* _ACTION ITEM_
Repeat each entry as written and leave the images out of the copy.

* _DATASET EXCERPTS_
---
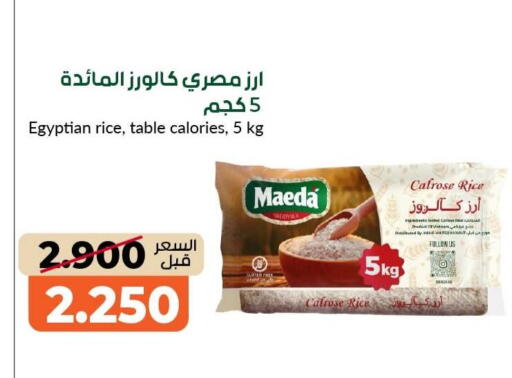 available at جمعية خيطان التعاونية in الكويت - مدينة الكويت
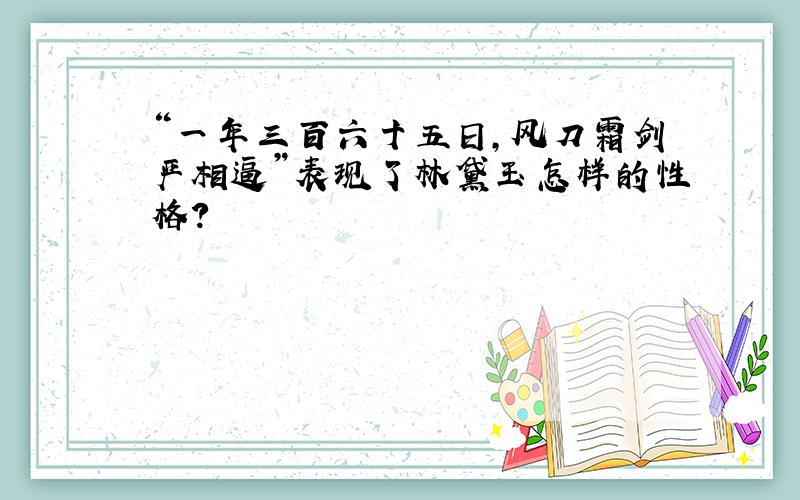 “一年三百六十五日,风刀霜剑严相逼”表现了林黛玉怎样的性格?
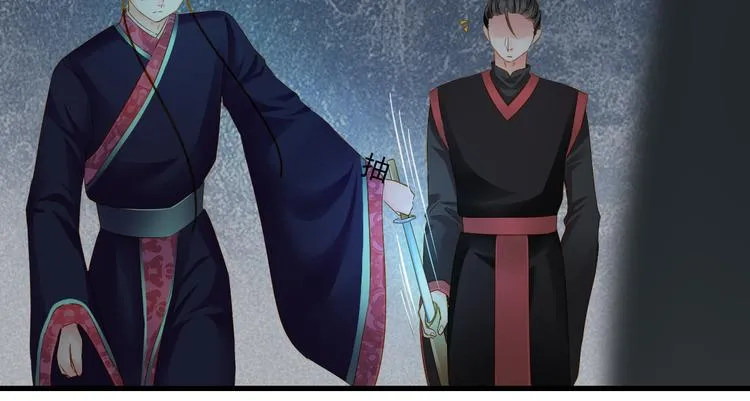 第31话 脸红的样子 第38页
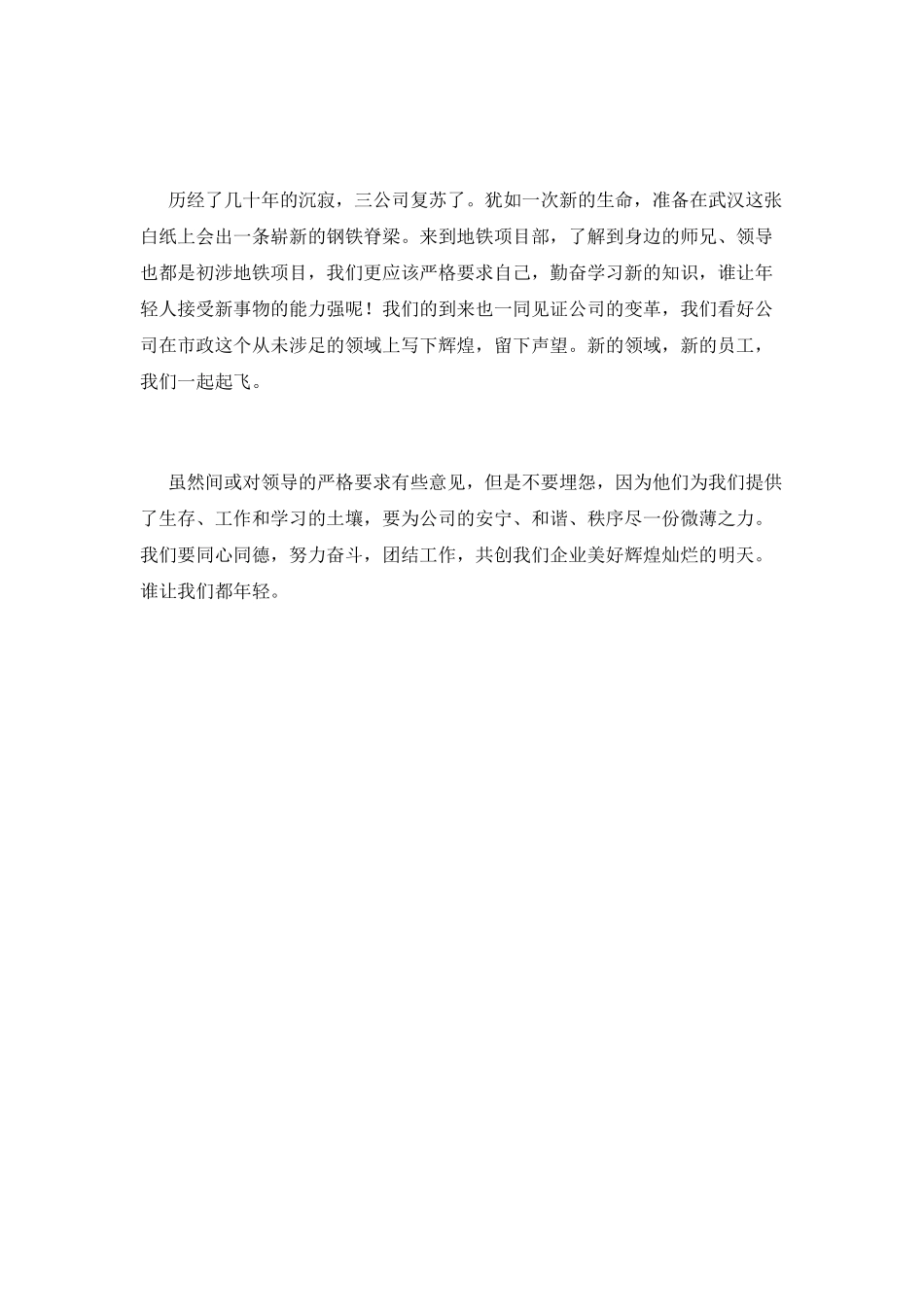 企业员工复工励志演讲稿2025_第2页
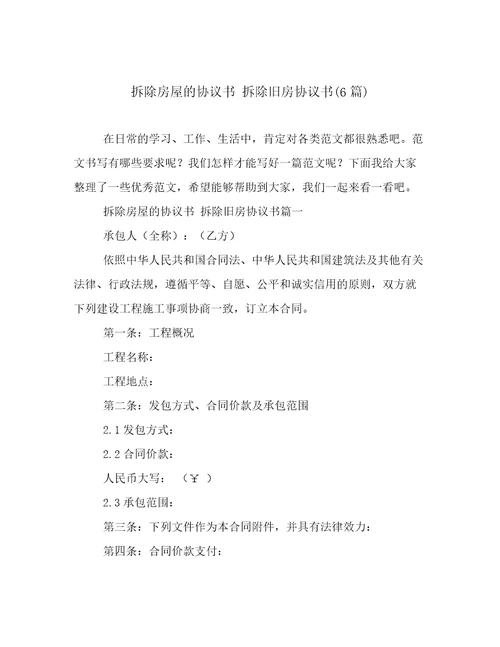 拆除房屋的协议书拆除旧房协议书6篇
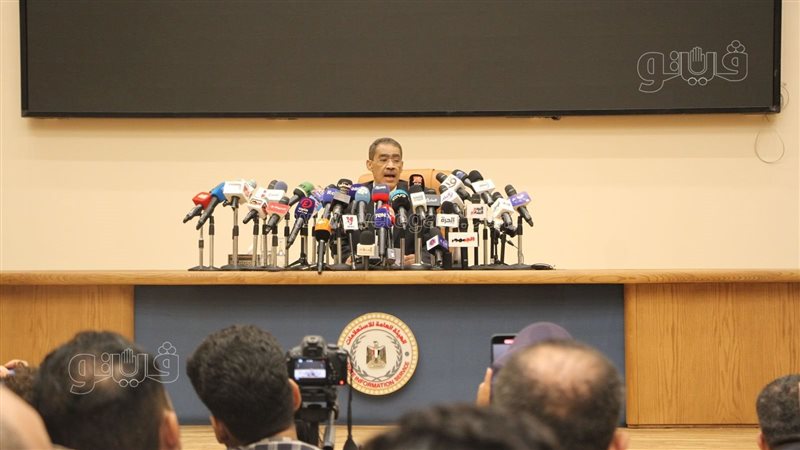 مؤتمر الهيئة العامة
---
* _YOUR SOLUTION_
 available at جمعية خيطان التعاونية in الكويت - مدينة الكويت
 “一年三百六十五日,风刀霜剑严相逼”表现了林黛玉怎样的性格?
 第31话 脸红的样子 第38页
 企业员工复工励志演讲稿2025_第2页
 拆除房屋的协议书拆除旧房协议书6篇
 مؤتمر الهيئة العامة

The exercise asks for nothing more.